Farmers will lose £300m a year if UK leaves EU, Cameron warns

Cameron has been touring the country and recently visited a farm in north Wales (Photo: Tom Evans OGL v.3)
Cameron has been touring the country and recently visited a farm in north Wales (Photo: Tom Evans OGL v.3)

The Prime Minister will warn today that Britain's exit from the European Union could cost farmers an extra £330m a year to export their goods abroad.

Cameron has been touring the country and recently visited a farm in north Wales. He is expected to say farmers could 'suffer enormously' if the British people voted to leave the 28-nation bloc.

“If we left this single market and, as some suggest, relied on World Trade Organisation rules, the extra costs of exporting British beef would be £240m a year. An extra £90m would be added to the cost of British lamb exports.”

“British agriculture, British farmers and British jobs could suffer enormously if we were to leave the single market.”

He said that more than 90% of UK lamb and beef exports currently go to the EU.

The farming sector contributes £9.9 billion to the UK economy and employs almost half a million people.

“British farmers and food producers rely on the single market,” Cameron will say.

“It gives them access to 500 million consumers, to whom they can sell their goods on an open, unrestricted basis.

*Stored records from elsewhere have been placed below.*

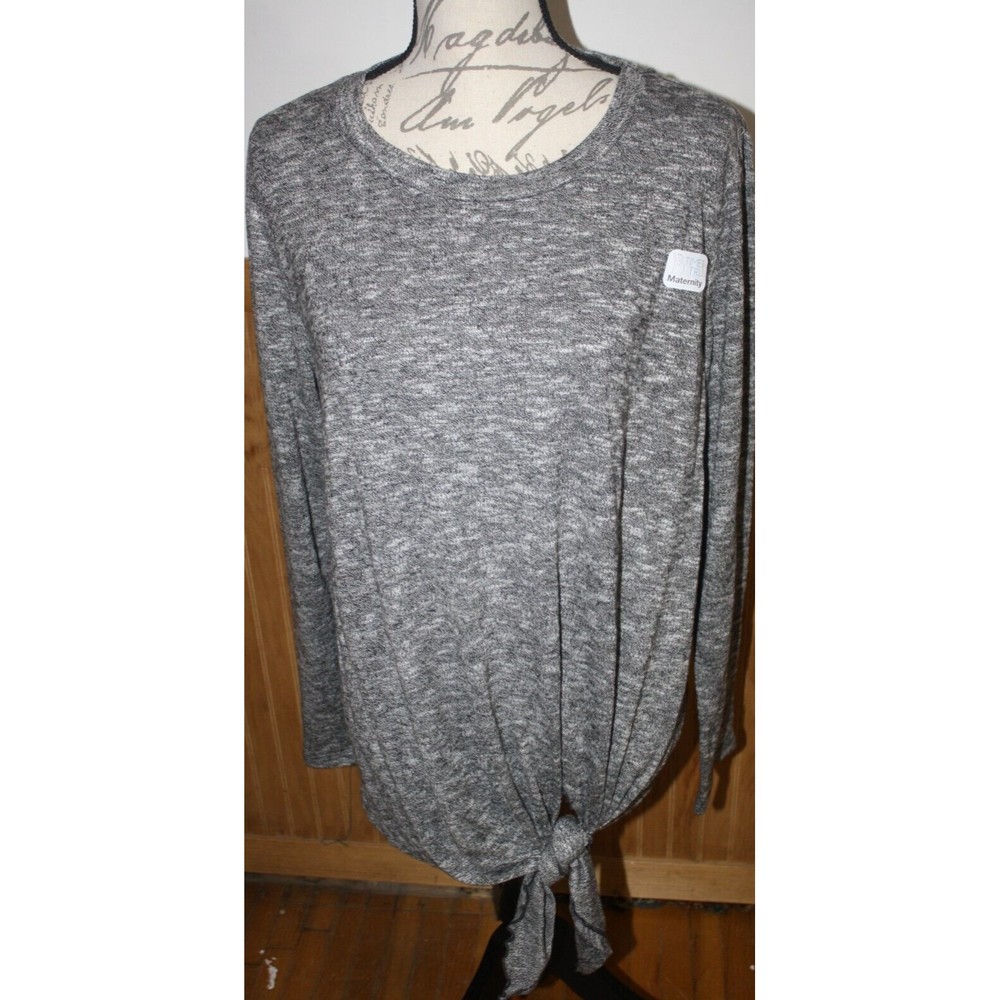 Time and Tru Maternity Long Sleeve Side Tie Top Large (12-14) Black & Gray NWT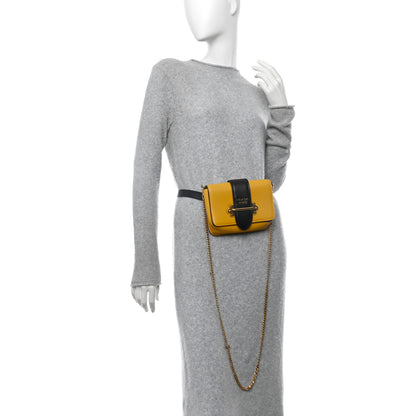 Prada Saffiano City Calf Cahier Belt Bag Soleil Black 2 of 12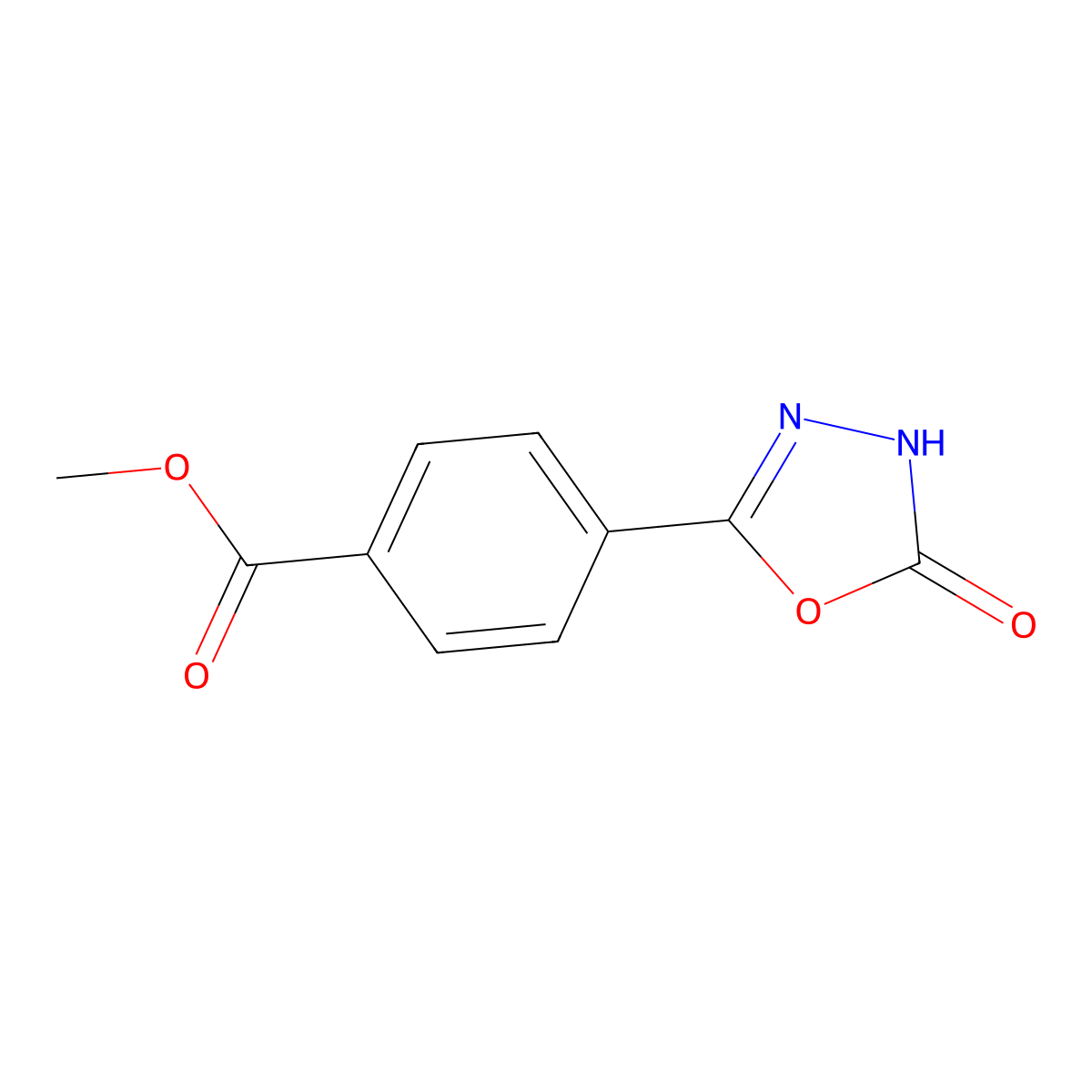 methyl 4-(5-oxo-4H-1,3,4-oxadiazol-2-yl)benzoate molecular structure, CAS 54685-50-6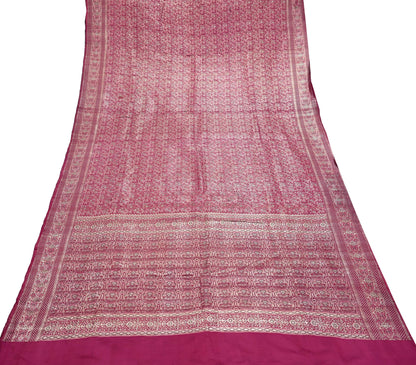 Indian Vintage Sari Wine Heavy Wedding Pure Satin Silk Woven Banarasi Tanchoi Saree 5Yd Ethnic Craft Fabric Upcycle Bridal Heavy Sarees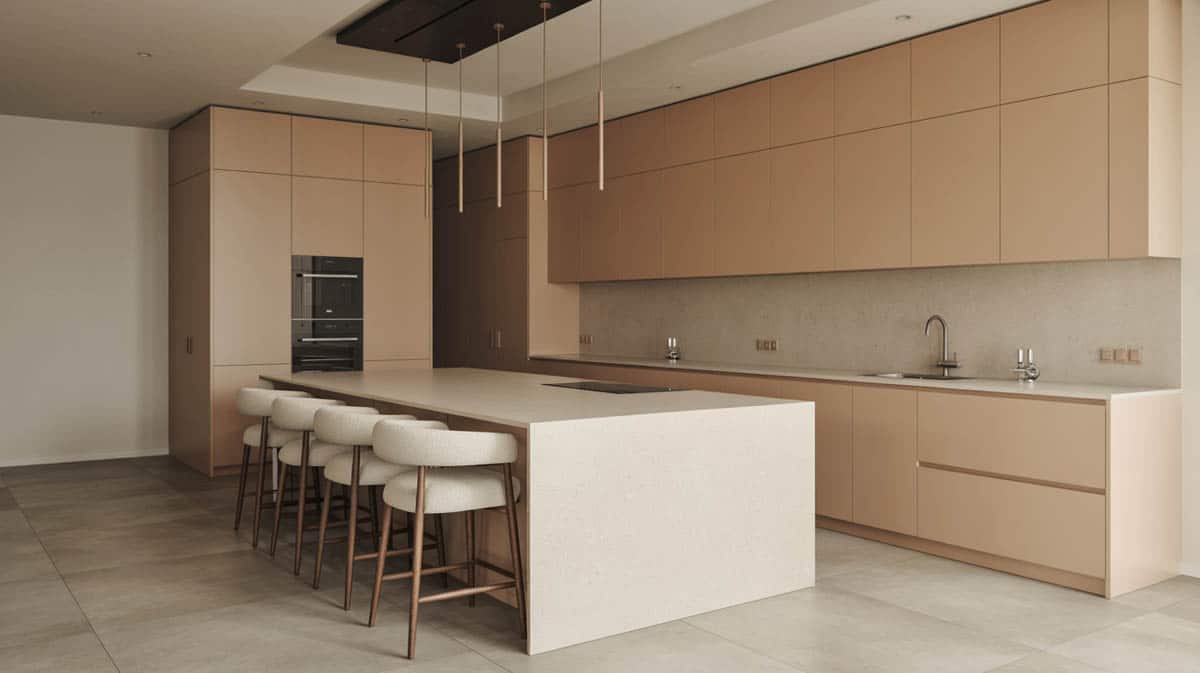 Contemporary kitchen with handleless greige lacquer cabinets and a waterfall quartz island with bouclé stools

No tariffs, no barriers, no bogus health and safety rules designed to keep our products out.”

Farmers 'hampered' by EU deals

But according to former Defra minister Owen Paterson, farmers would benefit leaving the EU as they would be free from directives and subsidy policies.

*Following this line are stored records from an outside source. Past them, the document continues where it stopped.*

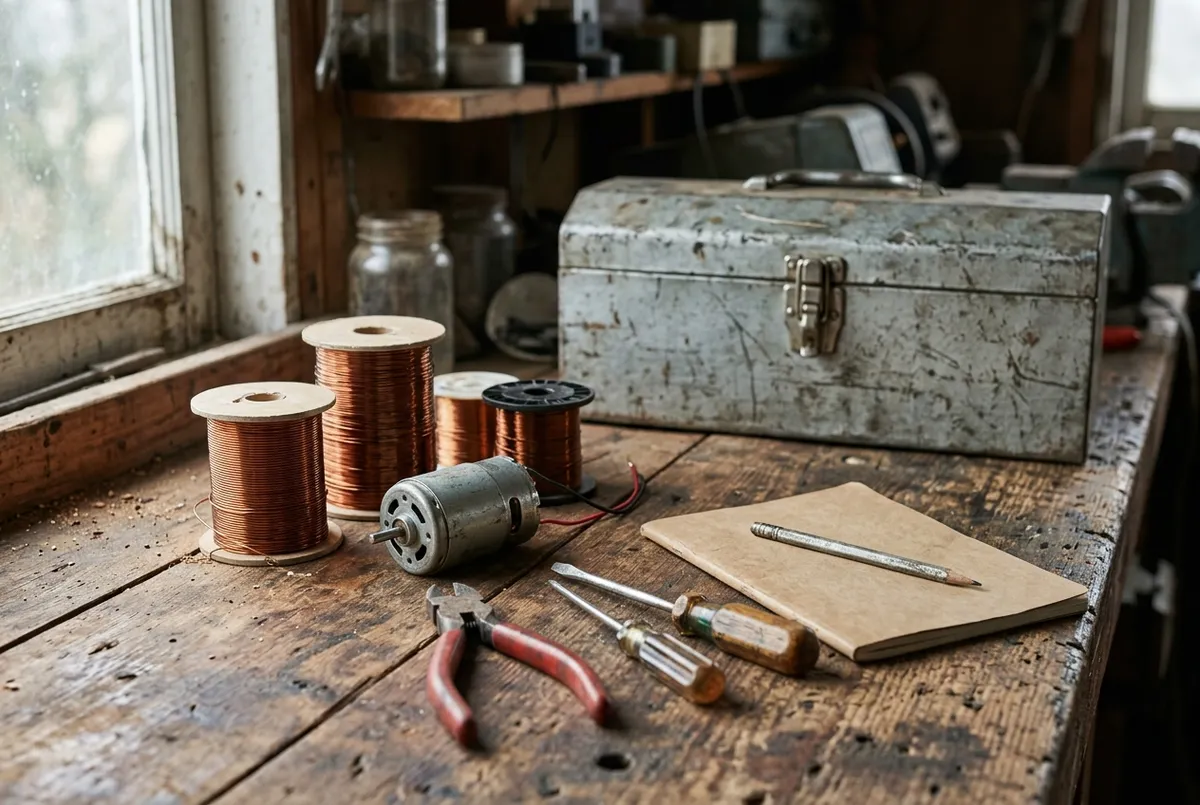 Copper wire spools, a small DC motor, hand tools, and a blank notebook on a weathered workshop bench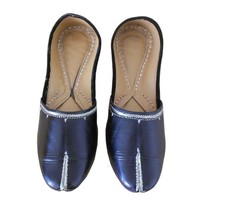 Women Shoes Jutties Indian Handmade Leather Khussa Ballerinas Black Mojari US 7 - £31.96 GBP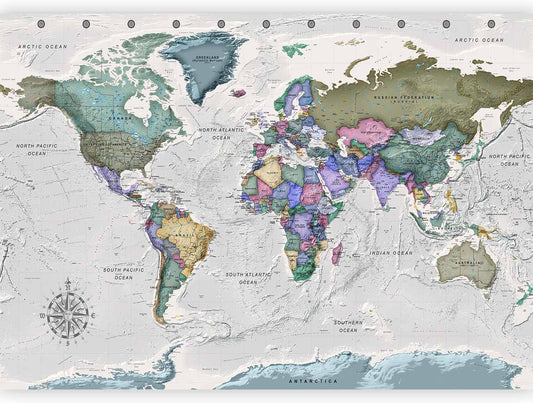 artgeist Wall Mural World Map 173x124 in - Peel and Stick Self-Adhesive Wallpaper Removable Large Sticker Foil Wall Decor Print Picture Image Design Map of The World k-A-0380-a-a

Paterson said money could be better used in a targeted and efficient manner.

"I believe that the United Kingdom has a great future beyond the political arrangements of the European Union," Paterson said at the Oxford Farming Conference in January this year.

"Agriculture and food production is hampered by our membership of the Common Agricultural Policy. CAP negotiations between 28 countries inevitably mean that we have to accept compromises, these are at best deeply unsatisfactory and at worst actively damaging to UK farmers."

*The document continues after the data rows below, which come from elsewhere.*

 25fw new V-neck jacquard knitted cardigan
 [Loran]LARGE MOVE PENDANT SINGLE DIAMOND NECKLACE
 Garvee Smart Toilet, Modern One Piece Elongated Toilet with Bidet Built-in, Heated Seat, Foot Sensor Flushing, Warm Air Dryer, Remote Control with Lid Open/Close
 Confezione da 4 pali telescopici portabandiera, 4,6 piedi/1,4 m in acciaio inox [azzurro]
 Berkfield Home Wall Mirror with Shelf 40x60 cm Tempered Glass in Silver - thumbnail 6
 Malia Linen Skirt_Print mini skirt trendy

Defra split over membership

Farming Minister George Eustice has said he will be backing the campaign to bring the UK out of the EU, putting him in conflict with Defra Secretary Liz Truss, who is joining the Prime Minister in his calls for Britain to remain a member of the Union.

Truss said it was in Britain's economic interest and 'means we can focus on vital economic and social reform at home.'

Prime Minister Cameron called the referendum for 23 June and Eustice said he deserved 'huge credit' for delivering the referendum.

"We now have an opportunity to debate our future, how we are governed and how our laws are made" he said.

"I have been an advocate of renegotiation for fifteen years but, in the end, despite the endeavours of David Cameron, the sort of fundamental reform I wanted to see was not possible.

"I have therefore come to the conclusion that the only way to deliver the change I want to see is to vote to leave and end the supremacy of EU law.

"I believe if this country has the courage to act decisively and take control, then in five years’ time the only question people will ask is why we didn’t do it sooner."